Was talking to a friend the other
day and had a real epiphany about my mother. Really. For many years I have on
occasion talked about her in sometimes not glowing terms. She was a troubled
woman from about 1950 on. I always assumed that the relationship she had with
my father was the reason for her alternating depressions and bouts of
protectiveness. And she was a lapsed Catholic and never recovered from that.
And she was sexually abused by her sister’s husband when she was 10 to about
13. All reasons for her being the way she was.
Now I think there is a new
element in the mix that could explain the timing. I was sexually abused by a
cousin when I was 5 or 6 or 7, and she insisted that only she and I would ever
know. So she never, as far as I know, told my father, his sister or anyone
else. It would make sense if she felt guilty for not protecting me from the
cousin. Her behavior viewed from this angle fits.
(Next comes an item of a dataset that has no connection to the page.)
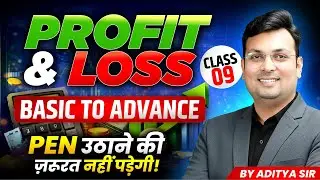Profit and Loss By Aditya Patel Sir | Profit & Loss Class 9, Complete Profit & Loss Basic to Advance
My behavior as a10 year old and
up was rebellious and I wonder if she felt responsible somehow. And possibly
every time I got myself in trouble she felt somehow that she had let me down
and blamed herself. Then got depressed. This would make me an unwitting cause
of her suffering.
She died youngish, 67, of what
amounts self-abuse. She was a heavy smoker and user of many prescription drugs
for depression, asthma and digestive issues and pain, all except smoking
started around 1950. Who really can know
what was going on in her mind after years of electroconvulsive therapy, “happy
pills” etc.? The answer is “no one”. I think, though, that the guilt she must
have felt was a part of who she was, and how she was. Looking back from my
perspective now I say to her “Ma, you did the very best you could with what you
had. You did nothing wrong. The only thing you are guilty of is loving me. If
you need to be forgiven then I forgive you. But please, forgive yourself. You
were the best Ma you could have been. That is enough for me.”
And strangely (or not) I have lit
candles for her in most Catholic churches and Cathedrals I have visited in
Europe. I am not a believer, but somehow it felt right to do that simple act.
Probably my behavior and hers are tied in some intricate knot of emotion, love,
guilt and survival.
Anyway, that’s part of my story.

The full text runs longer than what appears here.